The addition of Flavorpill
expands Bustle Media Group’s portfolio "by developing a full-blown experiential marketing and events arm charged with producing premium large-scale events and experiences," according to the
company.
Bustle will acquire all current Flavorpill Media staff. Co-founder Sascha Lewis will become Bustle Digital Group’s vice president of experiential and president of Flavorpill
Media.
"To be able to align brands with consumers in real world environments that seamlessly connect to scalable digital, social and technology platforms is the next generation of
marketing,” Lewis stated.
He will continue to develop and create Flavorpill Media’s marquee events, such as "Lunch Break," "Art of Yoga" and "Quiet Mornings at MoMA."
Bustle
Digital Group will also obtain Flavorwire, Flavorpill’s online news and culture magazine. It will be overseen by Bustle Digital Group’s editor-in-chief, Kate Ward.

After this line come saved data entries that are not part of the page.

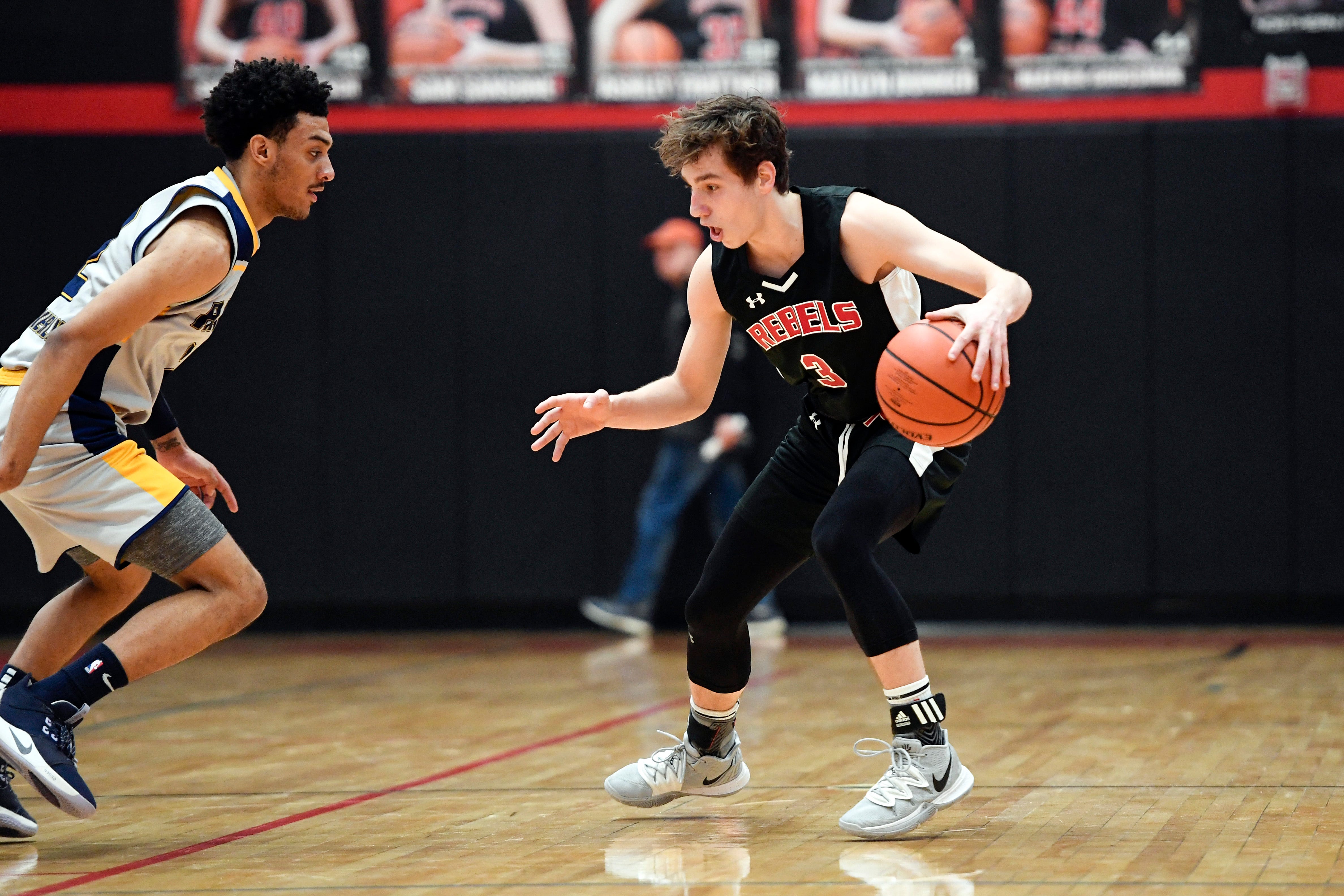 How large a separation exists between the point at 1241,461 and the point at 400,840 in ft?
18.7

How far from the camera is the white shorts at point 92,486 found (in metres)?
3.00

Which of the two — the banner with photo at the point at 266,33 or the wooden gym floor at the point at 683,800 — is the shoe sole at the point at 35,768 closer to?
the wooden gym floor at the point at 683,800

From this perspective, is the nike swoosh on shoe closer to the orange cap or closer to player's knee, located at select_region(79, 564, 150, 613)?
player's knee, located at select_region(79, 564, 150, 613)

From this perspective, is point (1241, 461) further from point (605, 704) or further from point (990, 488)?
point (605, 704)

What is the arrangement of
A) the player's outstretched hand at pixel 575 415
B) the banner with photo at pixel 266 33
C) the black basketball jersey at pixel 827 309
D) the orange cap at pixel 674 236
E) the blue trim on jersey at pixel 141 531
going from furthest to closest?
the banner with photo at pixel 266 33 < the orange cap at pixel 674 236 < the player's outstretched hand at pixel 575 415 < the black basketball jersey at pixel 827 309 < the blue trim on jersey at pixel 141 531

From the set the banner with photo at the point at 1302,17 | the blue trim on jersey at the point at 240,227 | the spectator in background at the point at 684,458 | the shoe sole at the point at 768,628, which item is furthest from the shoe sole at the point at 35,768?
the banner with photo at the point at 1302,17

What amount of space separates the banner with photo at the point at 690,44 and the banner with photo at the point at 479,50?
205mm

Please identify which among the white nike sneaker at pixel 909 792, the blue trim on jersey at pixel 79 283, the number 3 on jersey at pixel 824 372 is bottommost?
the white nike sneaker at pixel 909 792

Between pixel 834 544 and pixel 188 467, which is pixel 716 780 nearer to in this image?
pixel 834 544

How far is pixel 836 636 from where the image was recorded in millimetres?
7367

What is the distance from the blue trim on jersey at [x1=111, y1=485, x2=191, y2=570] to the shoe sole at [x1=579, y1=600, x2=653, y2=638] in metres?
4.59

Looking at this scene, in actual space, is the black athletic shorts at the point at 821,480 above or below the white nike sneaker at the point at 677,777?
above

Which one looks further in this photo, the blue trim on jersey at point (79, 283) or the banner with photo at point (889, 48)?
the banner with photo at point (889, 48)

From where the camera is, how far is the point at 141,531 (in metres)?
2.99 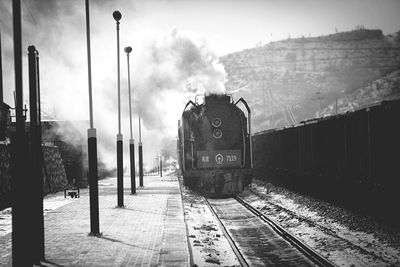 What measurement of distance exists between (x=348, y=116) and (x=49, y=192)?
53.0 ft

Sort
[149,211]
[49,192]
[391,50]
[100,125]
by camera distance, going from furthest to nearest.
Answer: [391,50] → [100,125] → [49,192] → [149,211]

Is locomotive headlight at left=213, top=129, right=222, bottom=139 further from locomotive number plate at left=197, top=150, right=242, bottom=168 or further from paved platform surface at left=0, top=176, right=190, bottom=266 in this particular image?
paved platform surface at left=0, top=176, right=190, bottom=266

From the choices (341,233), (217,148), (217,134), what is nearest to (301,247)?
(341,233)

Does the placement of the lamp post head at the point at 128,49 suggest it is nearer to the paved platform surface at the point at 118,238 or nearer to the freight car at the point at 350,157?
the paved platform surface at the point at 118,238

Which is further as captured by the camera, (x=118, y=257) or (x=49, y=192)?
(x=49, y=192)

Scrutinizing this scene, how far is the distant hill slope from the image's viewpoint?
7956 centimetres

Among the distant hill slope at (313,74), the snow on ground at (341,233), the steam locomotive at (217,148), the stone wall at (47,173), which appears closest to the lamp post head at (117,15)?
the steam locomotive at (217,148)

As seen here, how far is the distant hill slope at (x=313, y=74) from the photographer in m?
79.6

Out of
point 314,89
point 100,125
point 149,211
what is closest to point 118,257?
point 149,211

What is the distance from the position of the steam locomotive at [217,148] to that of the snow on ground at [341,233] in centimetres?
237

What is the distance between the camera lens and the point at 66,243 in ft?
30.7

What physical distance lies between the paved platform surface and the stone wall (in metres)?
1.92

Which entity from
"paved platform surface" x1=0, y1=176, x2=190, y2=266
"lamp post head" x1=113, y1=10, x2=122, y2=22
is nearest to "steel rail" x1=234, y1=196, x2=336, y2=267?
"paved platform surface" x1=0, y1=176, x2=190, y2=266

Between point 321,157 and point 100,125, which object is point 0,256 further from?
point 100,125
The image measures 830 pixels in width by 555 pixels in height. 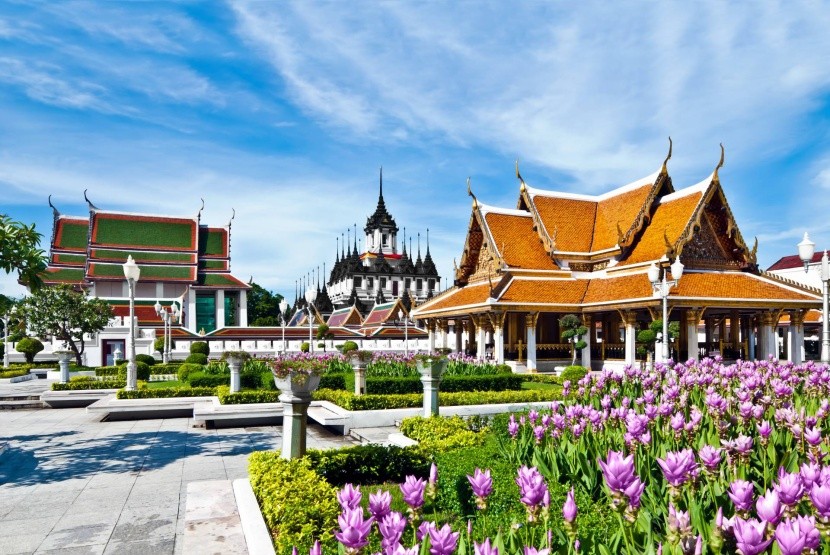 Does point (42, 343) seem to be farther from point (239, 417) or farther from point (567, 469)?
point (567, 469)

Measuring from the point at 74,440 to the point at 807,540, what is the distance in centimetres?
1313

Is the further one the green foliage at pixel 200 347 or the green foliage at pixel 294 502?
the green foliage at pixel 200 347

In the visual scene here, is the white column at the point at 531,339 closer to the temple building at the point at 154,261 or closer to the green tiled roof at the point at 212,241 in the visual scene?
the temple building at the point at 154,261

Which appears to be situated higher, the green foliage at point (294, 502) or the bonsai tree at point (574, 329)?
the bonsai tree at point (574, 329)

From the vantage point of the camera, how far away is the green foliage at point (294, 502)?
5191 mm

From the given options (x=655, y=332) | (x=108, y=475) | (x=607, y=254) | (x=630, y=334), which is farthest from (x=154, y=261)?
(x=108, y=475)

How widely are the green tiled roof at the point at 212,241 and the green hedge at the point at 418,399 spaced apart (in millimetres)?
41979

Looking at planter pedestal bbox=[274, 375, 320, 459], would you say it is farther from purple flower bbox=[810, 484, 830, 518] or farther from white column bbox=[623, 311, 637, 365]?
white column bbox=[623, 311, 637, 365]

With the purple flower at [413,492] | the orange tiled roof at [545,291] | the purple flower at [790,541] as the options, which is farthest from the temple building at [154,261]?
the purple flower at [790,541]

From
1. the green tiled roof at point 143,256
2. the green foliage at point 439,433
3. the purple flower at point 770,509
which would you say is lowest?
the green foliage at point 439,433

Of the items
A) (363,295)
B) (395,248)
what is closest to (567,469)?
(363,295)

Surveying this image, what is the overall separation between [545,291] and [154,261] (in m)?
35.5

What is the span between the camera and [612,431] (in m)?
6.20

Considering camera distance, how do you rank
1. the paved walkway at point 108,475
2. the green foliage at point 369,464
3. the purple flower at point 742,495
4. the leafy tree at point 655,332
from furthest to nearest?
the leafy tree at point 655,332
the green foliage at point 369,464
the paved walkway at point 108,475
the purple flower at point 742,495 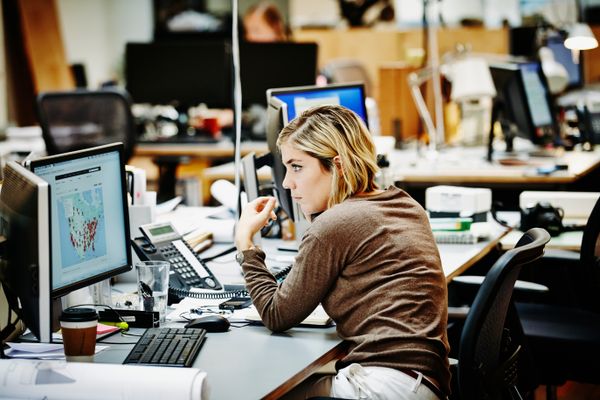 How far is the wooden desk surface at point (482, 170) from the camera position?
171 inches

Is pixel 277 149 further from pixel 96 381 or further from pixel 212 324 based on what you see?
pixel 96 381

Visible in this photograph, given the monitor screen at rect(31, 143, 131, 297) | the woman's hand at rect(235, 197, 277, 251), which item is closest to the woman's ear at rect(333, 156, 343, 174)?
the woman's hand at rect(235, 197, 277, 251)

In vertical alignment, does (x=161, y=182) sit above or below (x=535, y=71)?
below

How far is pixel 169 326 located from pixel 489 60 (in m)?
4.63

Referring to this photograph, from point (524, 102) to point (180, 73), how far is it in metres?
2.52

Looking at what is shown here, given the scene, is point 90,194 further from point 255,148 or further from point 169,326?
point 255,148

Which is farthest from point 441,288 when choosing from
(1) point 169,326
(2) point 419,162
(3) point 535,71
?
(3) point 535,71

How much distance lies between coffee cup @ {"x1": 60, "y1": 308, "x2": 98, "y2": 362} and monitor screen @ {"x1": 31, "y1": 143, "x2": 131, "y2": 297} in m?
0.17

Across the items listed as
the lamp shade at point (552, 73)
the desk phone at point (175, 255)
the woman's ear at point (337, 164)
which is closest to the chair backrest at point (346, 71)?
the lamp shade at point (552, 73)

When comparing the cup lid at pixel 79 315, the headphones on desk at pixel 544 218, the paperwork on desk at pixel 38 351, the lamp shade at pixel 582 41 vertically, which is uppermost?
the lamp shade at pixel 582 41

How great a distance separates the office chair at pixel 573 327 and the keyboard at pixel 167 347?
1.31 meters

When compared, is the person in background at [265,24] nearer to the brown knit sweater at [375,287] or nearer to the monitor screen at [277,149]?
the monitor screen at [277,149]

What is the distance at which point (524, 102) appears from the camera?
4.84m

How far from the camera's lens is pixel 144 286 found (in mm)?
2295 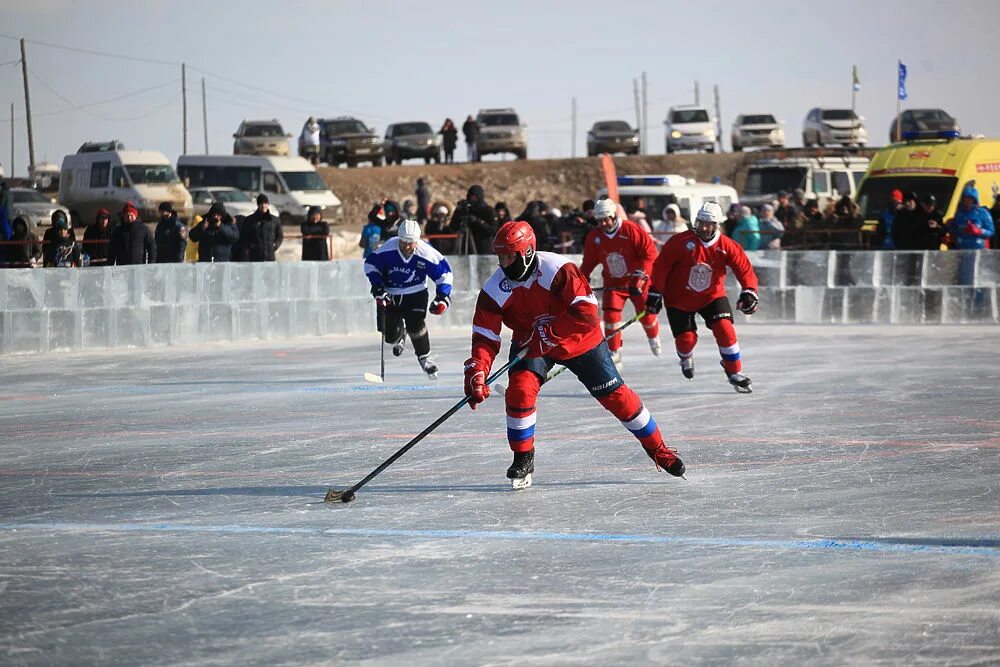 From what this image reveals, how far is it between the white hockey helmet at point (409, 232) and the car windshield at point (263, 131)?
29083 mm

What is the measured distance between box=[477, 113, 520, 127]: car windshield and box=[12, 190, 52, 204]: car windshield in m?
15.3

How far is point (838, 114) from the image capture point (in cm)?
4425

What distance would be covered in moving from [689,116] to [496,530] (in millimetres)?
39854

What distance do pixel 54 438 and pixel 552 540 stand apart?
17.0 feet

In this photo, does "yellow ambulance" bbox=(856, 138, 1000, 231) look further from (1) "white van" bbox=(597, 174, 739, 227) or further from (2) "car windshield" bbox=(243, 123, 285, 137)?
(2) "car windshield" bbox=(243, 123, 285, 137)

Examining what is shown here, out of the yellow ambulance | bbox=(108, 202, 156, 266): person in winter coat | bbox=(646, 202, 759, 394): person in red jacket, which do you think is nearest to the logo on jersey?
bbox=(646, 202, 759, 394): person in red jacket

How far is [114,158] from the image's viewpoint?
33375 mm

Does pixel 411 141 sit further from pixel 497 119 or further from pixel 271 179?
pixel 271 179

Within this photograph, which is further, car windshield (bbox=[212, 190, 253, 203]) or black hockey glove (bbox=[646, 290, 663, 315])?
car windshield (bbox=[212, 190, 253, 203])

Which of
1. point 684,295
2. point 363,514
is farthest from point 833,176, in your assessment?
point 363,514

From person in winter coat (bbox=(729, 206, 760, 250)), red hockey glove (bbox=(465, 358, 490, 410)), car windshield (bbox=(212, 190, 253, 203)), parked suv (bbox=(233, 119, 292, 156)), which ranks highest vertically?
parked suv (bbox=(233, 119, 292, 156))

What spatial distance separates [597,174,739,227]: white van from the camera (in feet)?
83.9

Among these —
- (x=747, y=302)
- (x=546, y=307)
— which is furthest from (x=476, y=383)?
(x=747, y=302)

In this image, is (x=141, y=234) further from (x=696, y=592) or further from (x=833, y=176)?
(x=833, y=176) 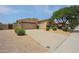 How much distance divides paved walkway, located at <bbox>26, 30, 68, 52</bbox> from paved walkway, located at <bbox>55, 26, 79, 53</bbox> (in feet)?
0.34

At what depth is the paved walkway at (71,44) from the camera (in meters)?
6.79

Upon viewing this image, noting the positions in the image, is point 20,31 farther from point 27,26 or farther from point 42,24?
point 42,24

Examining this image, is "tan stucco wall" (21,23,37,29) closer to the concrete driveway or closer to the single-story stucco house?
the single-story stucco house

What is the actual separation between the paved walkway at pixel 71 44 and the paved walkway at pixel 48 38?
4.0 inches

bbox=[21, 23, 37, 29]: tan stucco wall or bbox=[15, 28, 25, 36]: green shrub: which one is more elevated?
bbox=[21, 23, 37, 29]: tan stucco wall

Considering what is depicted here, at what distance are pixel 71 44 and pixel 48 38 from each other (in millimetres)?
545

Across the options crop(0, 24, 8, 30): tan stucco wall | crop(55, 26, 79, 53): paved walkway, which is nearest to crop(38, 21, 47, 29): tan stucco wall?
crop(55, 26, 79, 53): paved walkway

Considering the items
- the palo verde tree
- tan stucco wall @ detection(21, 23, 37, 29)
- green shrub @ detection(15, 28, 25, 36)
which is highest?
the palo verde tree

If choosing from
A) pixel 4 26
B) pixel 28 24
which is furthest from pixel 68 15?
pixel 4 26

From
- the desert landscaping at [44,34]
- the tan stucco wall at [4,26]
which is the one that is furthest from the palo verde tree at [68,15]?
the tan stucco wall at [4,26]

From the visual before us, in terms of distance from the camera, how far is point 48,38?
22.6 feet

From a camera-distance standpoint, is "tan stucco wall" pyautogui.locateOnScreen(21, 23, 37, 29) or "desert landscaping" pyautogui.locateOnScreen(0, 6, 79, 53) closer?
"desert landscaping" pyautogui.locateOnScreen(0, 6, 79, 53)

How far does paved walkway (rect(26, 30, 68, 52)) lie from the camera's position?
685cm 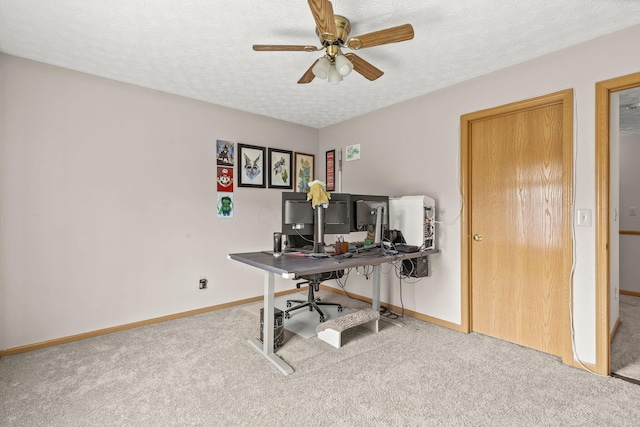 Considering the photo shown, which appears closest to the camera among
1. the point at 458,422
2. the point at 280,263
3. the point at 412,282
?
the point at 458,422

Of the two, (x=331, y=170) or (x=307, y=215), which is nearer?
(x=307, y=215)

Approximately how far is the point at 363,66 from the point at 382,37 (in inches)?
14.2

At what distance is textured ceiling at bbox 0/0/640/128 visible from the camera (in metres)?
1.88

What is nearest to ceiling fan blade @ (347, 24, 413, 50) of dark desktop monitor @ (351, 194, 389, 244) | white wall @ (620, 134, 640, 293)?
dark desktop monitor @ (351, 194, 389, 244)

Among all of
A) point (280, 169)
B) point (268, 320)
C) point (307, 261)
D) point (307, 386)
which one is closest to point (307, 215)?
point (307, 261)

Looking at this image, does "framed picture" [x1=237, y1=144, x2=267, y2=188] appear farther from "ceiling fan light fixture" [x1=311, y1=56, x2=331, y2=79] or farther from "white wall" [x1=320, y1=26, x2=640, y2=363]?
"ceiling fan light fixture" [x1=311, y1=56, x2=331, y2=79]

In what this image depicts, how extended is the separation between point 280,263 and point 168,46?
1.85m

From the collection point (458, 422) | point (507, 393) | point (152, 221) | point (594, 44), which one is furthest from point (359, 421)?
point (594, 44)

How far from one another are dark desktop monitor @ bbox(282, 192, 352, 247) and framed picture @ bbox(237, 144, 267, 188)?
1277 mm

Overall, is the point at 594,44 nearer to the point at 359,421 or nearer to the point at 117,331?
the point at 359,421

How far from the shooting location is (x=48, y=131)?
104 inches

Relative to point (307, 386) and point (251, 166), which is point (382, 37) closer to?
point (307, 386)

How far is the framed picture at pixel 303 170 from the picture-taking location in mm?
4414

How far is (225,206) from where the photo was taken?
146 inches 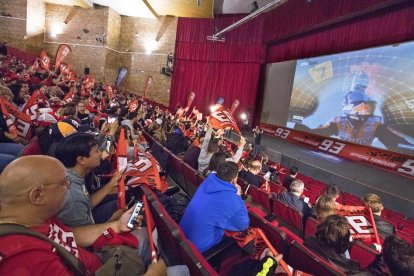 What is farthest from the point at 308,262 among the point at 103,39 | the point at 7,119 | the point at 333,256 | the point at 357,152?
the point at 103,39

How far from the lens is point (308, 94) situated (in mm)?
11273

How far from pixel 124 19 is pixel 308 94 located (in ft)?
39.1

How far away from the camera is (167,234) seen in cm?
197

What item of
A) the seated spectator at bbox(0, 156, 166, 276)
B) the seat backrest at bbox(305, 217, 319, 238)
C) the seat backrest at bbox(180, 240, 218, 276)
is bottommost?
the seat backrest at bbox(305, 217, 319, 238)

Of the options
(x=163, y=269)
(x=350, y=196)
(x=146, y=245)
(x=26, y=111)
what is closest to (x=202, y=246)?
(x=146, y=245)

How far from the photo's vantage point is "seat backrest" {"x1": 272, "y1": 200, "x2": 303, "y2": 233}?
136 inches

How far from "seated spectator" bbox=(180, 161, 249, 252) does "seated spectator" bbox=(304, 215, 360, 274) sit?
0.58 m

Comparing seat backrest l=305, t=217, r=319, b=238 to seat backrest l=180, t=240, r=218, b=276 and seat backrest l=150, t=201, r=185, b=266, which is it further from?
seat backrest l=180, t=240, r=218, b=276

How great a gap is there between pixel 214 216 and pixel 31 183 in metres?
1.46

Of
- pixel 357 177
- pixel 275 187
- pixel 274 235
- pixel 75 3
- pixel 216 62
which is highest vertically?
pixel 75 3

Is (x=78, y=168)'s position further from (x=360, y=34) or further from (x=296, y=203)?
(x=360, y=34)

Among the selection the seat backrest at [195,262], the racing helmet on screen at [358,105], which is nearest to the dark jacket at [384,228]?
the seat backrest at [195,262]

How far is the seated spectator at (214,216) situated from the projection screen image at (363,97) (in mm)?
7337

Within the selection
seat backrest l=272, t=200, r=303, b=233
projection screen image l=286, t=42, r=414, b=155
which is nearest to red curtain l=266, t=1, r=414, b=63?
projection screen image l=286, t=42, r=414, b=155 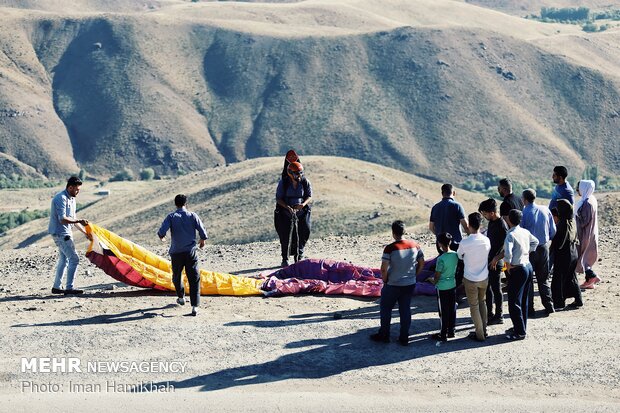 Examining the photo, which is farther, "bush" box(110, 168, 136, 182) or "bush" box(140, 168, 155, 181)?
"bush" box(140, 168, 155, 181)

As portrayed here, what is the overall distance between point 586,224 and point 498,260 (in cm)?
332

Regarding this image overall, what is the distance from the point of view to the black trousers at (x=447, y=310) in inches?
485

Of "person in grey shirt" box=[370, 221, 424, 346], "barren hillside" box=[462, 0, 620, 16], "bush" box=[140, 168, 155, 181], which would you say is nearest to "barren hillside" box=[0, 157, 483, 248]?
"person in grey shirt" box=[370, 221, 424, 346]

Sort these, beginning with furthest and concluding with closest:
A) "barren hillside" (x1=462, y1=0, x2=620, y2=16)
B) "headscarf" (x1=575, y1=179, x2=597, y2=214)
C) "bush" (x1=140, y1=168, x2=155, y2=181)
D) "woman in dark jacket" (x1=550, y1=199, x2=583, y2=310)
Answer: "barren hillside" (x1=462, y1=0, x2=620, y2=16) < "bush" (x1=140, y1=168, x2=155, y2=181) < "headscarf" (x1=575, y1=179, x2=597, y2=214) < "woman in dark jacket" (x1=550, y1=199, x2=583, y2=310)

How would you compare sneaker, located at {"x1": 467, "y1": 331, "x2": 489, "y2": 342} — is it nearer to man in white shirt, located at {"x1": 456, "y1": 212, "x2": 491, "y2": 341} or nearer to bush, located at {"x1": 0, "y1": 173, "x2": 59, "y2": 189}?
man in white shirt, located at {"x1": 456, "y1": 212, "x2": 491, "y2": 341}

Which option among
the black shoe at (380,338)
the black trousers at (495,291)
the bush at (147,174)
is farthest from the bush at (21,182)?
the black shoe at (380,338)

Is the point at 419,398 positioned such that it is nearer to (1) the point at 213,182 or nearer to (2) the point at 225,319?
(2) the point at 225,319

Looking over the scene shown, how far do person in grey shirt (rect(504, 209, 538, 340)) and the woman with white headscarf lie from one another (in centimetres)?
281

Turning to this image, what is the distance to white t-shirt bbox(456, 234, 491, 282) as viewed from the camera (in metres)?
12.1

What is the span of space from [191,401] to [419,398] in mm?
2484

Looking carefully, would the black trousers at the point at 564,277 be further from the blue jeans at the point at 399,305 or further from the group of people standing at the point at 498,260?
the blue jeans at the point at 399,305

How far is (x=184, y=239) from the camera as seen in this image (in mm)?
13594

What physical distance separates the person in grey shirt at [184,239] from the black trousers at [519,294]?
4234mm

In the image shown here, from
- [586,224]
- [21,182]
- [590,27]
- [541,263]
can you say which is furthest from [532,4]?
[541,263] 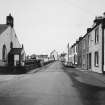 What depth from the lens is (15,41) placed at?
4391 cm

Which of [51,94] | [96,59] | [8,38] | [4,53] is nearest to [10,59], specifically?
[4,53]

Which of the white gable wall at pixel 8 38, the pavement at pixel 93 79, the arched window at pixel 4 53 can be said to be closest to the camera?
the pavement at pixel 93 79

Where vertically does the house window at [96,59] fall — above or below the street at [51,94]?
above

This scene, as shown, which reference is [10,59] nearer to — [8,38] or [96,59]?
[8,38]

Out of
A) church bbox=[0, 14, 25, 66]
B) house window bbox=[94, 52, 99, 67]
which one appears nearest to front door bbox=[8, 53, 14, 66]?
church bbox=[0, 14, 25, 66]

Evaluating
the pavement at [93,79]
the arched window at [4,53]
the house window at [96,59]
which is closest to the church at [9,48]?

Bustle Digital Group acquired fashion and lifestyle brand
The Zoe Report in April and
Elite Daily from
DailyMail last spring.
Bryan Goldberg, founder and CEO of Bustle
Digital Group, told Axios he wants to make at least one more deal this year.
Earlier this summer, a holding
company owned by Goldberg won a bankruptcy auction for Gawker.com and its assets, including the Gawker.com domain, social-media accounts and an archive of almost 200,000 articles.
Bustle claims
it reaches about 50 million unique visitors per month.